Data records
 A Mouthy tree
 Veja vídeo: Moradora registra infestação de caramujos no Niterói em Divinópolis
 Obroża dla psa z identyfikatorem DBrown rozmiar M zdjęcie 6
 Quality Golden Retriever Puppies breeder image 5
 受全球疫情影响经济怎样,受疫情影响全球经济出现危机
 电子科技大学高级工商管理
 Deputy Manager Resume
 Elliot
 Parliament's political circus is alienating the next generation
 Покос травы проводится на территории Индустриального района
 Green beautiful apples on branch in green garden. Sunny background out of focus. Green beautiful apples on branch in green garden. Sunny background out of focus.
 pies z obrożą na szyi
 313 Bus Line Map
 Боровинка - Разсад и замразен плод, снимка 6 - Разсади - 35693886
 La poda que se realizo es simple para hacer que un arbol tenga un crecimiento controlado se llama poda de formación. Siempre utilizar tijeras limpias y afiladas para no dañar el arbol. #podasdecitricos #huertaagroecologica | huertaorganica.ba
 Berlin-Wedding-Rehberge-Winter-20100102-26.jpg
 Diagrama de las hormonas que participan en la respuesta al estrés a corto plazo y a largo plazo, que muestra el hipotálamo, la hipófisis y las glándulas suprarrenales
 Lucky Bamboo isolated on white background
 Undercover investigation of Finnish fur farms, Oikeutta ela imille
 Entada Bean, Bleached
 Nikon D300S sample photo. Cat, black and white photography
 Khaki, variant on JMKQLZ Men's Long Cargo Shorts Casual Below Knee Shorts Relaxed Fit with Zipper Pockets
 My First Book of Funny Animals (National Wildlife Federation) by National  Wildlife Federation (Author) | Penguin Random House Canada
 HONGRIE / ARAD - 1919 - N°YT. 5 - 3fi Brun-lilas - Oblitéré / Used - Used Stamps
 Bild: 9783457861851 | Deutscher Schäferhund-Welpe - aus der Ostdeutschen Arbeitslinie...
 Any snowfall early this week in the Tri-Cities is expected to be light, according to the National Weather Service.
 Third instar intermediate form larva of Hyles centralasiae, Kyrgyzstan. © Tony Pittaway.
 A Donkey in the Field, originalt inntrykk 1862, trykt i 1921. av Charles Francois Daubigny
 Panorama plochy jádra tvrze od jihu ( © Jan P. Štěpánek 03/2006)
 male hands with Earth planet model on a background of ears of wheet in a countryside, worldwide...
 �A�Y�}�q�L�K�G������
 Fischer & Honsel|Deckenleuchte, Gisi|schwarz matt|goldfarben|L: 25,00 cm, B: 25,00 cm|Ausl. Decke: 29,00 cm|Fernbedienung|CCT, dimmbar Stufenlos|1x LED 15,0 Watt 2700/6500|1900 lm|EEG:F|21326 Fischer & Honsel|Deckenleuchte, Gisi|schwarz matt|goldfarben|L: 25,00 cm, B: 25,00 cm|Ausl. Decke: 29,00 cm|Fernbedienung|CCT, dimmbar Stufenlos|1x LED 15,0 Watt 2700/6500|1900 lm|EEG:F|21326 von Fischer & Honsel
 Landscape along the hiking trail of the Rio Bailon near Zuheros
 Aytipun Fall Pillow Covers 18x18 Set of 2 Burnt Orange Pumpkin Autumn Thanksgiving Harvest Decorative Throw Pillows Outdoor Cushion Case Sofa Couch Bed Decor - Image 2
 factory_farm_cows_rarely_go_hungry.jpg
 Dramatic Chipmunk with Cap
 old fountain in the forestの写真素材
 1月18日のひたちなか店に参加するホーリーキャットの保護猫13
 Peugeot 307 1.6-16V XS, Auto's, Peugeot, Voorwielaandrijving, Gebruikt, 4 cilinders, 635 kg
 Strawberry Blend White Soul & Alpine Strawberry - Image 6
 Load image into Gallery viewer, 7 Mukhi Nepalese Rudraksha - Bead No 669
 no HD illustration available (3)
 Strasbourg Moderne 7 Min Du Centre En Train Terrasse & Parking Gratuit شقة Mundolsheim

Aim of the exercise
Transcribe each line of the data exactly, skipping none.

Output of the task
 A Mouthy tree
 Veja vídeo: Moradora registra infestação de caramujos no Niterói em Divinópolis
 Obroża dla psa z identyfikatorem DBrown rozmiar M zdjęcie 6
 Quality Golden Retriever Puppies breeder image 5
 受全球疫情影响经济怎样,受疫情影响全球经济出现危机
 电子科技大学高级工商管理
 Deputy Manager Resume
 Elliot
 Parliament's political circus is alienating the next generation
 Покос травы проводится на территории Индустриального района
 Green beautiful apples on branch in green garden. Sunny background out of focus. Green beautiful apples on branch in green garden. Sunny background out of focus.
 pies z obrożą na szyi
 313 Bus Line Map
 Боровинка - Разсад и замразен плод, снимка 6 - Разсади - 35693886
 La poda que se realizo es simple para hacer que un arbol tenga un crecimiento controlado se llama poda de formación. Siempre utilizar tijeras limpias y afiladas para no dañar el arbol. #podasdecitricos #huertaagroecologica | huertaorganica.ba
 Berlin-Wedding-Rehberge-Winter-20100102-26.jpg
 Diagrama de las hormonas que participan en la respuesta al estrés a corto plazo y a largo plazo, que muestra el hipotálamo, la hipófisis y las glándulas suprarrenales
 Lucky Bamboo isolated on white background
 Undercover investigation of Finnish fur farms, Oikeutta ela imille
 Entada Bean, Bleached
 Nikon D300S sample photo. Cat, black and white photography
 Khaki, variant on JMKQLZ Men's Long Cargo Shorts Casual Below Knee Shorts Relaxed Fit with Zipper Pockets
 My First Book of Funny Animals (National Wildlife Federation) by National  Wildlife Federation (Author) | Penguin Random House Canada
 HONGRIE / ARAD - 1919 - N°YT. 5 - 3fi Brun-lilas - Oblitéré / Used - Used Stamps
 Bild: 9783457861851 | Deutscher Schäferhund-Welpe - aus der Ostdeutschen Arbeitslinie...
 Any snowfall early this week in the Tri-Cities is expected to be light, according to the National Weather Service.
 Third instar intermediate form larva of Hyles centralasiae, Kyrgyzstan. © Tony Pittaway.
 A Donkey in the Field, originalt inntrykk 1862, trykt i 1921. av Charles Francois Daubigny
 Panorama plochy jádra tvrze od jihu ( © Jan P. Štěpánek 03/2006)
 male hands with Earth planet model on a background of ears of wheet in a countryside, worldwide...
 �A�Y�}�q�L�K�G������
 Fischer & Honsel|Deckenleuchte, Gisi|schwarz matt|goldfarben|L: 25,00 cm, B: 25,00 cm|Ausl. Decke: 29,00 cm|Fernbedienung|CCT, dimmbar Stufenlos|1x LED 15,0 Watt 2700/6500|1900 lm|EEG:F|21326 Fischer & Honsel|Deckenleuchte, Gisi|schwarz matt|goldfarben|L: 25,00 cm, B: 25,00 cm|Ausl. Decke: 29,00 cm|Fernbedienung|CCT, dimmbar Stufenlos|1x LED 15,0 Watt 2700/6500|1900 lm|EEG:F|21326 von Fischer & Honsel
 Landscape along the hiking trail of the Rio Bailon near Zuheros
 Aytipun Fall Pillow Covers 18x18 Set of 2 Burnt Orange Pumpkin Autumn Thanksgiving Harvest Decorative Throw Pillows Outdoor Cushion Case Sofa Couch Bed Decor - Image 2
 factory_farm_cows_rarely_go_hungry.jpg
 Dramatic Chipmunk with Cap
 old fountain in the forestの写真素材
 1月18日のひたちなか店に参加するホーリーキャットの保護猫13
 Peugeot 307 1.6-16V XS, Auto's, Peugeot, Voorwielaandrijving, Gebruikt, 4 cilinders, 635 kg
 Strawberry Blend White Soul & Alpine Strawberry - Image 6
 Load image into Gallery viewer, 7 Mukhi Nepalese Rudraksha - Bead No 669
 no HD illustration available (3)
 Strasbourg Moderne 7 Min Du Centre En Train Terrasse & Parking Gratuit شقة Mundolsheim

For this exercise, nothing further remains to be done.